Manny lead us to the stage, where Madison and Evelyn were already seated. "I swear to God, if Jacob doesn't show up, I'm gonna go to his house and drag him here. He deserves to suffer, too."

Evelyn welcomed us with a soft smile as she patted the stage floor beside her. I accepted the invitation with a small curtsy, and she laughed. "So," Madison started, leaning forward to look at all of us, "does Ezra have a girlfriend?"

I used to like her. I decided, at the moment, that I didn't anymore.
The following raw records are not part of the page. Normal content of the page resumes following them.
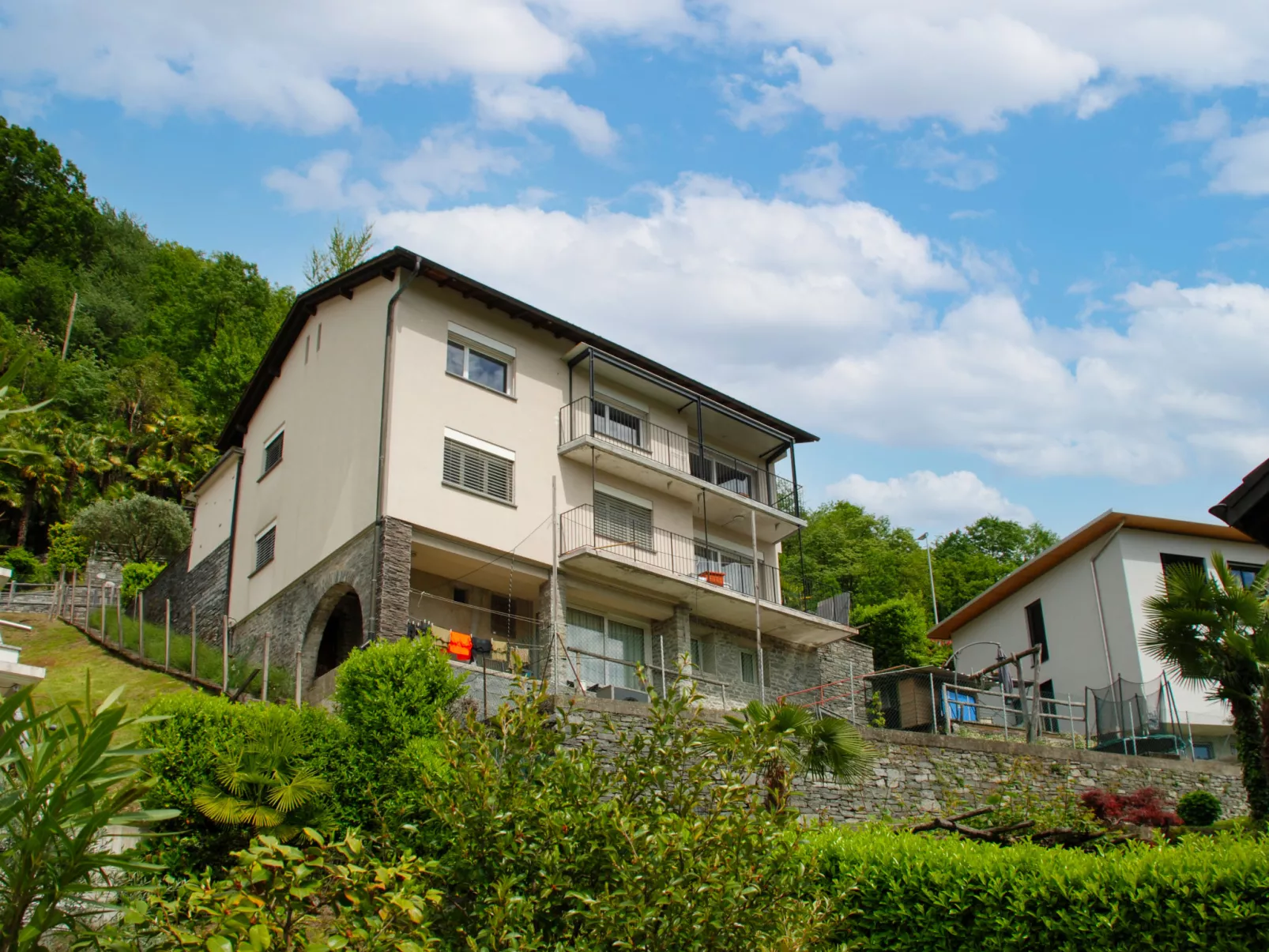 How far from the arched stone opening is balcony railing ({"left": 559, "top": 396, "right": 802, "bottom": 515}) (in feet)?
18.2

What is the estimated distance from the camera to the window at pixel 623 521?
24.8m

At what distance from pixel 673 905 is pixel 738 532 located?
22715 mm

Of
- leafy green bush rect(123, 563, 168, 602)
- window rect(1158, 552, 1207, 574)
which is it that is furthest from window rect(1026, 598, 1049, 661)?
leafy green bush rect(123, 563, 168, 602)

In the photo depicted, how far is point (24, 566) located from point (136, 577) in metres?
5.39

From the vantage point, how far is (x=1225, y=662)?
15656 mm

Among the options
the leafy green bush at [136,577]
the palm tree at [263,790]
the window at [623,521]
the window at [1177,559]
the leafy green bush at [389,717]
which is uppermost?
the leafy green bush at [136,577]

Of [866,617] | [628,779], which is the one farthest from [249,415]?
[628,779]

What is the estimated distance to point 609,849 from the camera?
6137 millimetres

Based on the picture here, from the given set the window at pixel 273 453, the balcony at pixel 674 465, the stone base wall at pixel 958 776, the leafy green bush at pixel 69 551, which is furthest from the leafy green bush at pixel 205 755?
the leafy green bush at pixel 69 551

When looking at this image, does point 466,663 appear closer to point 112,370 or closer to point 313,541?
point 313,541

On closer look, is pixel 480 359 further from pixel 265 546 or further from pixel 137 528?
pixel 137 528

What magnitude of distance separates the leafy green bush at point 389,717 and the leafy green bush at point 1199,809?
473 inches

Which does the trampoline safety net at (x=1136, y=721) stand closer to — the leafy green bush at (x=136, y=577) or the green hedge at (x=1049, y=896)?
the green hedge at (x=1049, y=896)

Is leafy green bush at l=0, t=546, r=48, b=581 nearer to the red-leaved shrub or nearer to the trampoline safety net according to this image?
the trampoline safety net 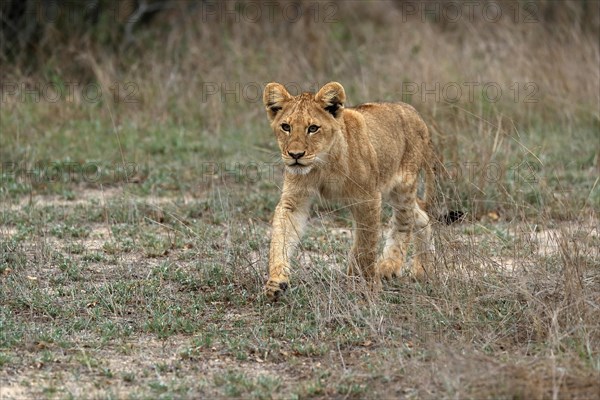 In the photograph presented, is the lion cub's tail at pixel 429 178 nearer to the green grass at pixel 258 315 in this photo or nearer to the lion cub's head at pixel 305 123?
the green grass at pixel 258 315

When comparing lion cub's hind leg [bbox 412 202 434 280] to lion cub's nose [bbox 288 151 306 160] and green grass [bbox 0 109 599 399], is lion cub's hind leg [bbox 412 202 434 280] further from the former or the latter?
lion cub's nose [bbox 288 151 306 160]

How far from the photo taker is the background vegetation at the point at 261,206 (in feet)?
16.4

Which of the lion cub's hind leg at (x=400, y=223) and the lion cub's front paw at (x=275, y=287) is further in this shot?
the lion cub's hind leg at (x=400, y=223)

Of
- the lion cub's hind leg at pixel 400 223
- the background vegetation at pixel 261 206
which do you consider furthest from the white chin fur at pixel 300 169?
the lion cub's hind leg at pixel 400 223

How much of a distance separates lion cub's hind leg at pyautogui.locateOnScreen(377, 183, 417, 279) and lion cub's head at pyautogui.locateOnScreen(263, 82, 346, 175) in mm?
857

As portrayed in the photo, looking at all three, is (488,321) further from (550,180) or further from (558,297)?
(550,180)

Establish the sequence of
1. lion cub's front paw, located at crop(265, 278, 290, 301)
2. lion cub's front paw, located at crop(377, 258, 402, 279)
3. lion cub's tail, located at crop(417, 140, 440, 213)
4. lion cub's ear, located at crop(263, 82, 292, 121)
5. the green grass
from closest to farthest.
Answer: the green grass, lion cub's front paw, located at crop(265, 278, 290, 301), lion cub's ear, located at crop(263, 82, 292, 121), lion cub's front paw, located at crop(377, 258, 402, 279), lion cub's tail, located at crop(417, 140, 440, 213)

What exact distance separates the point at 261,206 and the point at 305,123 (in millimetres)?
2251

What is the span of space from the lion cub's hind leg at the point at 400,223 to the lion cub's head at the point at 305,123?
0.86m

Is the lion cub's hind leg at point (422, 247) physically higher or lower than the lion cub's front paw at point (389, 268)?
higher

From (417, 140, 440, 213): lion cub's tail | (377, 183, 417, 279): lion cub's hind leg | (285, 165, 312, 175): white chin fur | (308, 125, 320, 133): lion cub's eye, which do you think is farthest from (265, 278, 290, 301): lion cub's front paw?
(417, 140, 440, 213): lion cub's tail

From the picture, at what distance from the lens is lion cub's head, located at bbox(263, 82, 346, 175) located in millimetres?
6055

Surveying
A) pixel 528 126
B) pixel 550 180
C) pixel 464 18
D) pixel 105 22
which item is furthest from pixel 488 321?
pixel 464 18

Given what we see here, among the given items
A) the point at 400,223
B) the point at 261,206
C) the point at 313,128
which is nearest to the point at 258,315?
the point at 313,128
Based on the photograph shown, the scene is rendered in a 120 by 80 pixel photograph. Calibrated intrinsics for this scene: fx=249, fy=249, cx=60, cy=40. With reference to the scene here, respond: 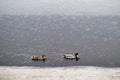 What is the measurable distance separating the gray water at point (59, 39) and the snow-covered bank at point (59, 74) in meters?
3.98

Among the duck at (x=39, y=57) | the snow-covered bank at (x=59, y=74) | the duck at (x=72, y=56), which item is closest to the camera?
the snow-covered bank at (x=59, y=74)

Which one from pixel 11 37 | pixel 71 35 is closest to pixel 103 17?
pixel 71 35

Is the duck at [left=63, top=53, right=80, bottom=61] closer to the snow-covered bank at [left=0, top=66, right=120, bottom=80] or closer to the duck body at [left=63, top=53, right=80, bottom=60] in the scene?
the duck body at [left=63, top=53, right=80, bottom=60]

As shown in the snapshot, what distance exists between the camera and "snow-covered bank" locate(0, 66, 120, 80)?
16.6 meters

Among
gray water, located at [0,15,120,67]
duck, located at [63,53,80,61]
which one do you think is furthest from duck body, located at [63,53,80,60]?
gray water, located at [0,15,120,67]

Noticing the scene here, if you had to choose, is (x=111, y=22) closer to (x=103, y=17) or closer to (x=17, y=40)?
(x=103, y=17)

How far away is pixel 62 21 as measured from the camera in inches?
1594

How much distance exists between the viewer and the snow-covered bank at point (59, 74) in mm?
16609

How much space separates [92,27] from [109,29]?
8.72ft

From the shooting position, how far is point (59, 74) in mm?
17422

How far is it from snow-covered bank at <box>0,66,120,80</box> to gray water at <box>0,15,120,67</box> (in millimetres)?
3978

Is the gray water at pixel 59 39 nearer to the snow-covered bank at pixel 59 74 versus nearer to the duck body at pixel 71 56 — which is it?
the duck body at pixel 71 56

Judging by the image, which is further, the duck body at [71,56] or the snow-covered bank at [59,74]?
the duck body at [71,56]

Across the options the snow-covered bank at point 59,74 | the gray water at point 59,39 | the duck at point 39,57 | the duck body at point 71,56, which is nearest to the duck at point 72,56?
the duck body at point 71,56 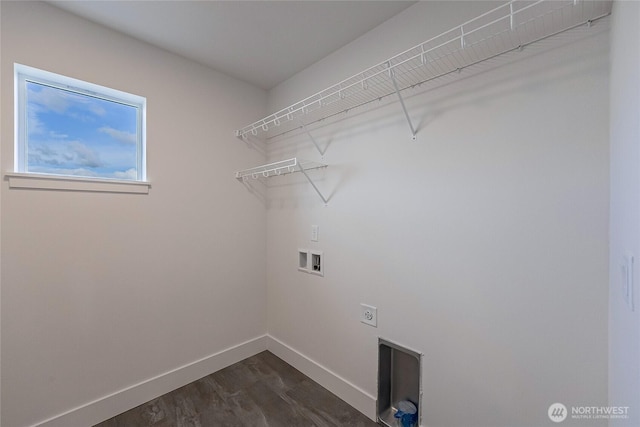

Alex elbowed me between the ribs. "Yes, he does," I said, and he elbowed he again.

"Seriously?" Manny asked.

Alex rolled his eyes. "No, he doesn't. Luke is thinking of something else, because if you ask Ezra, he'd say he doesn't." His glare was searing the side of my head, but I refused to meet it. He wasn't wrong; if Alex had agreed, then Ezra would be out of the loop and say otherwise, and everyone would wonder why we lied. Selfishly, though, I wanted him off the market. With his tall frame and crooked smile, no Mormon girl would hold back.

"Okay, I call dibs on dancing with him first," she said matter-of-factly.

Evelyn dropped her jaw. "Not fair!"

"Dance with Luke or something. Aren't you guys in love?"

We groaned in unison. We went on one date when she turned sixteen, a right of passage in the Church, and it had been nothing but platonic, as most first dates were in the ward. That fact never deterred people from talking about us, though. "By that logic, why don't you dance with Manny?" Evelyn suggested with a coy smile.

"Ew," Madison scrunched her nose as Manny stood up from where he was sitting to slide next to her.

"Mads, gimme a chance," he cooed with an arm around her shoulder as she tried swatting him sway.

Evelyn and I would look good together, no doubt. She was as short to me as I was to Ezra, which was ideal. She'd be able to rest her head under my chin, or easily wrap her arms around my waist, or have to stand on her tiptoes to kiss me. I envied her.